We spent a couple of weeks enjoying the bouldering, trad and sport climbing of the Western Cape. The boulder fields of Rocklands and multi pitch crags of Wolfberg and Tafelberg are compact quartzite sandstone some of the finest rock on which to climb anywhere in the world.

Enthusiastically we enjoyed the stone and started to get into shape. Towards the end of the trip we heard of a young local climber who’d been attempting to free Oceans that season.

We tracked him down and inquired if he’d be up for joining us on the route. Joe Mahole took no persuasion and soon we were sweating through the undergrowth on no real path making our way into the Klein WInterhoek mountains.

Leo Houlding with a friend

Oceans attack the center of the incredibly overhanging amphitheater via the steepest, longest most impressive line. The first 4 pitches of run out E2 ascend 120m up to the ledge of forgotten dreams. From here the route steps up a notch and starts to lean horizontally. The aptly Horror crack introduces the meat of the route, burly crack climbing through a big roof. I blew the Onsight but got in next go. We bivied in Hammocks on the ledge.

Climbing

The hooks pitch is the crux of the route. A long pumpy traverse leads to a poor rest followed by a dynamic sequence on small holds to glory, or twice to a heart breaking fall right at the end of a long overhanging traverse. Originally graded 28 (7c) it’s more like 8a.

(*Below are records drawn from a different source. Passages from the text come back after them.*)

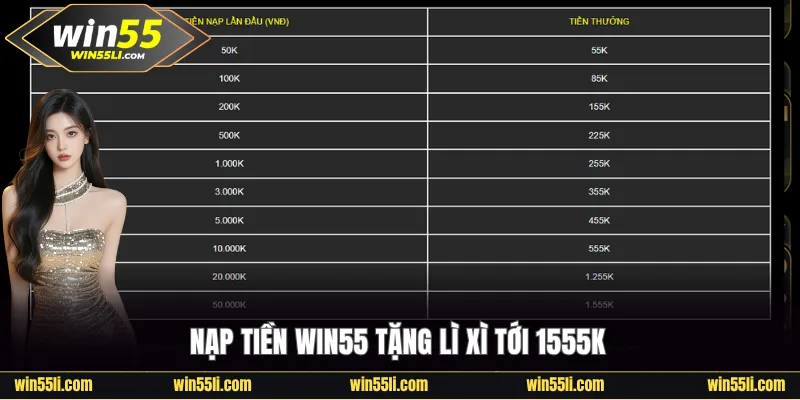 Nạp tiền Win55 tặng lì xì tới 1555K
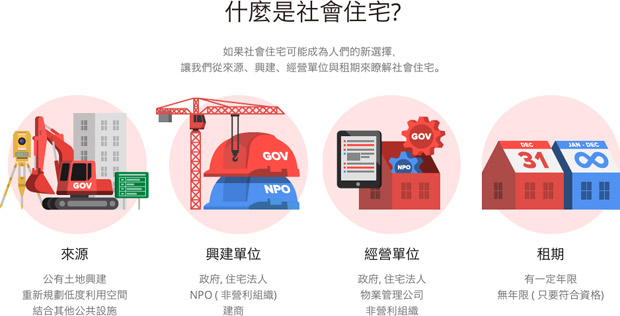 住得起的社會住宅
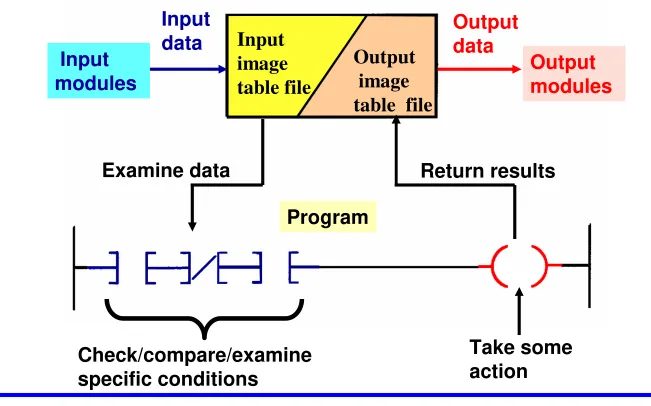 image table filetable  file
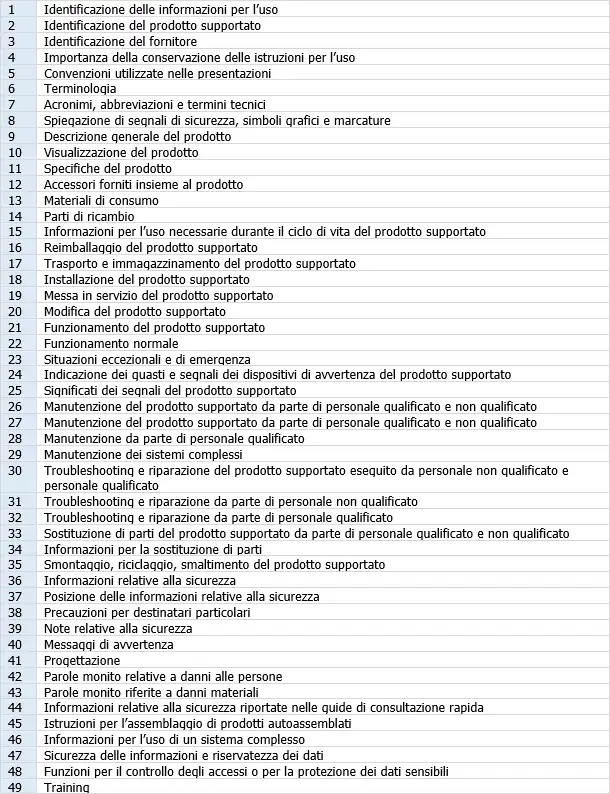 Tabella contenuto delle istruzioni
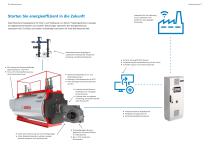 Heißwasser- und Heizkesselsysteme von Bosch - Hocheffiziente Heiz- und Prozesswärme-4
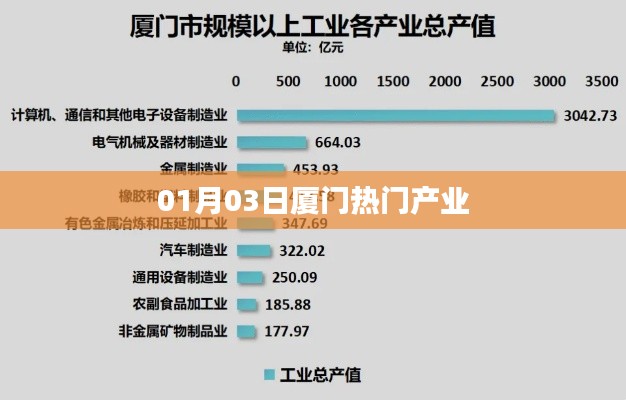 厦门热门产业动态速递，一月份最新进展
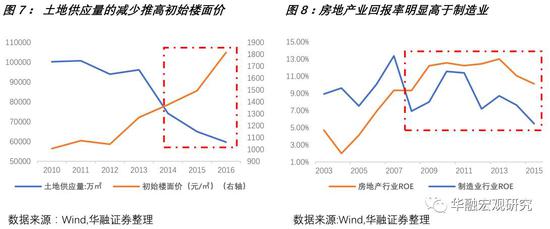 泡沫并不意味着资金自动脱虚向实|房地产业|实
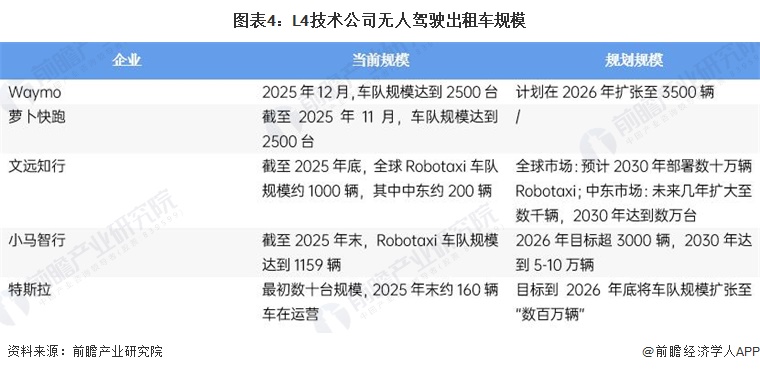 图表4:L4技术公司无人驾驶出租车规模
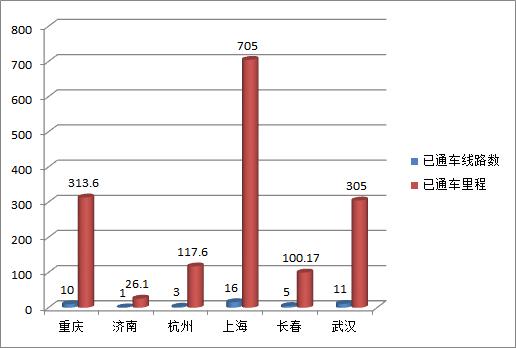 1个月内,6个城市拿到地铁“准生证”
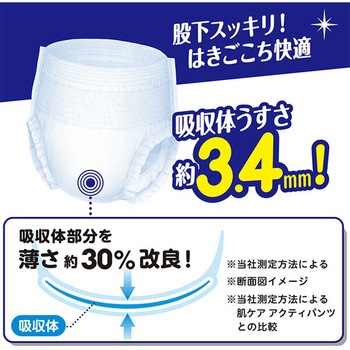 肌ケア アクティ 超うす型パンツ 日本製紙クレシア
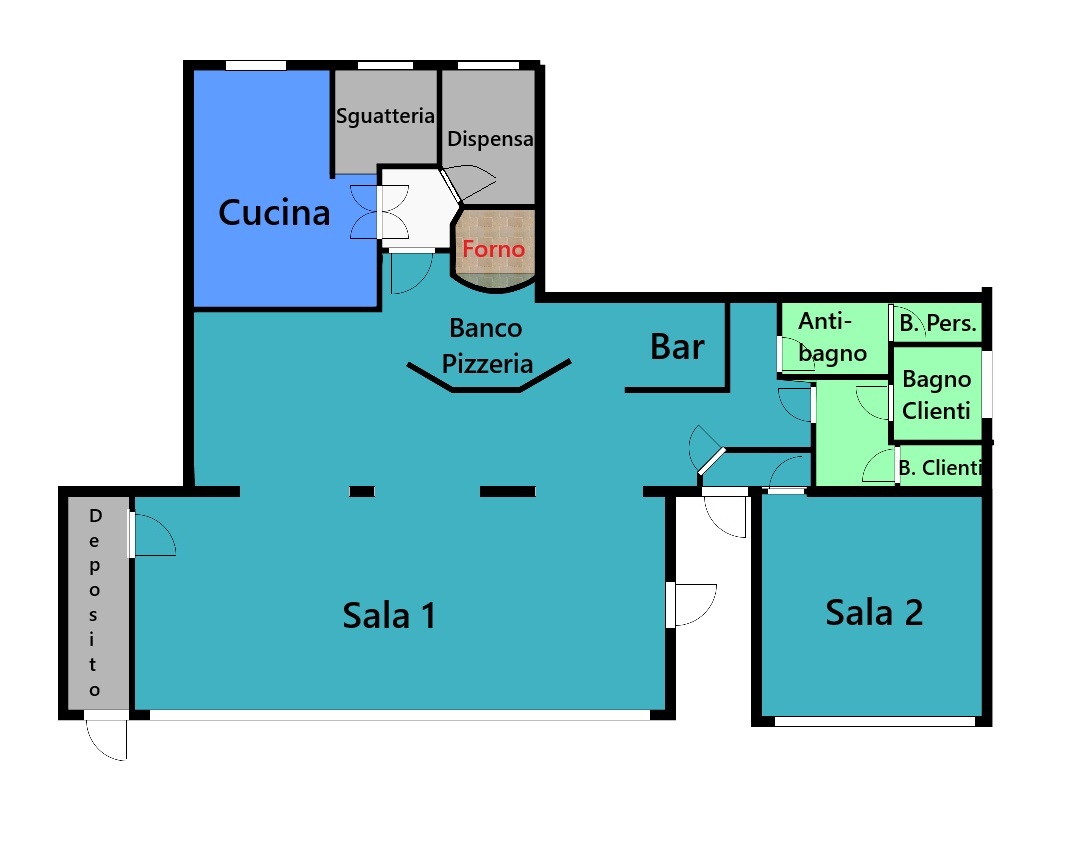 plan per siti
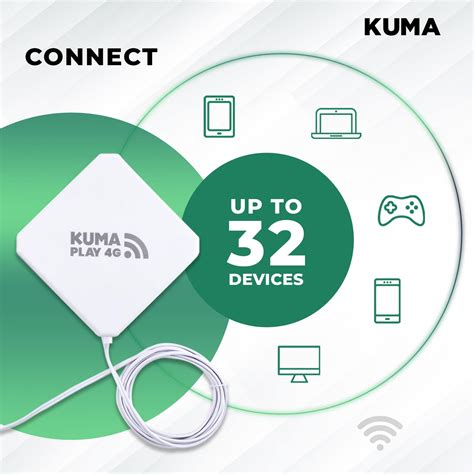 Kuma Connect Play Sim Unlocked Lite 4g Router With Indoor Play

An easier but outrageously exposed traverse leads through giant roofs which would be almost impossible to retreat from to the final hard pitch. The Honey Pitch. A sweet piece of climbing through more seriously steep terrain with a boulder problem crux at the finish. On my second attempt I made it to the lip of giant roves we’d been climbing through for 4 pitches. On the topo another 6 much easier vertical pitches lead to the top. In failing light Jo lead us up the traverse ledge I 2 rope stretchers where we unroped. By the light of the moon we completed the air walk and scramble to the summit of the most overhanging wall I’ve ever free climbed.